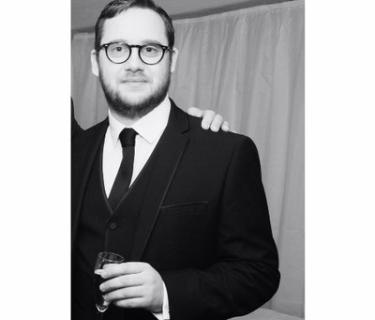 Black and white photo of an Arden student in a suit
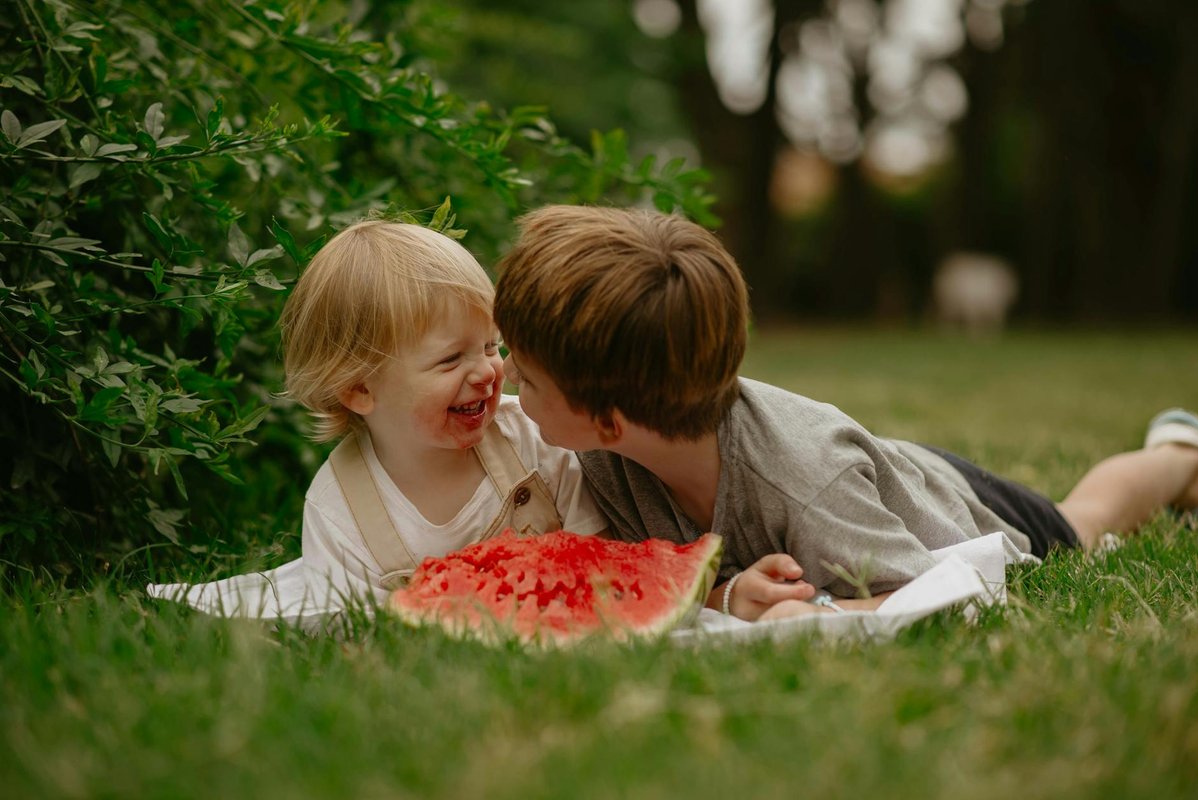 Two young children laughing and sharing a watermelon slice on a sunny summer day outdoors.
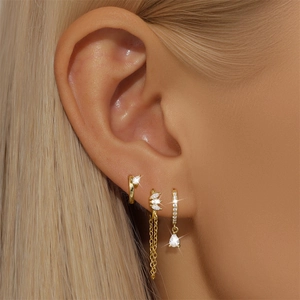 Detail of s925 silver earring set with gold plating, tassel chain, and zircon stones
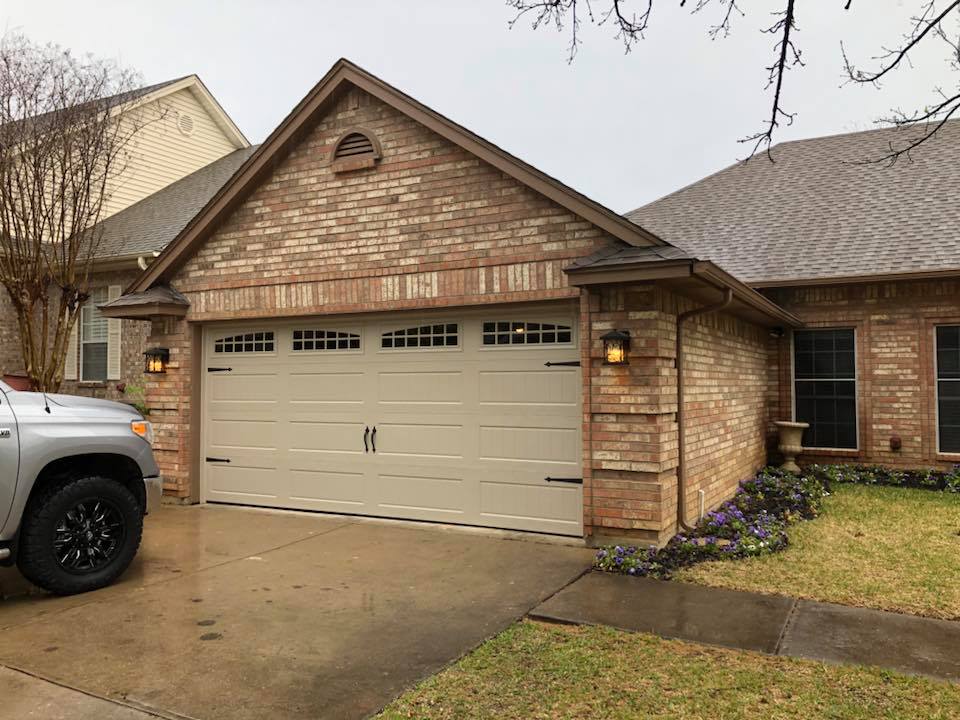 Garage Door Repair - A Garage Door In Front Of A House in Dallas/Fort Worth, TX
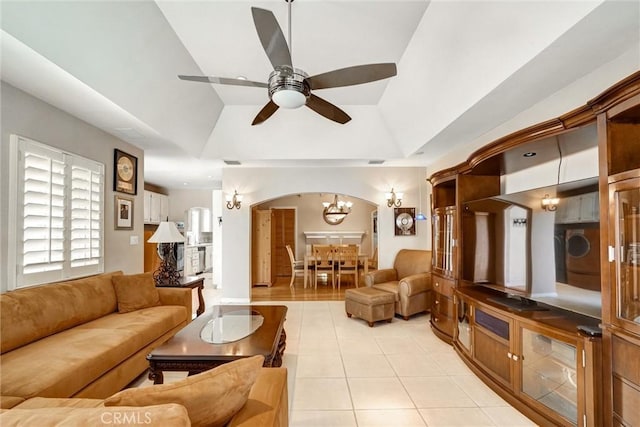 living room featuring light tile patterned floors, ceiling fan with notable chandelier, visible vents, a raised ceiling, and arched walkways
--------------------------------
## Work task
Every line from the one that contains "Detail of s925" through the end of the records above is to be reproduced exactly; no picture goes in the copy.

## Response
 Detail of s925 silver earring set with gold plating, tassel chain, and zircon stones
 Garage Door Repair - A Garage Door In Front Of A House in Dallas/Fort Worth, TX
 living room featuring light tile patterned floors, ceiling fan with notable chandelier, visible vents, a raised ceiling, and arched walkways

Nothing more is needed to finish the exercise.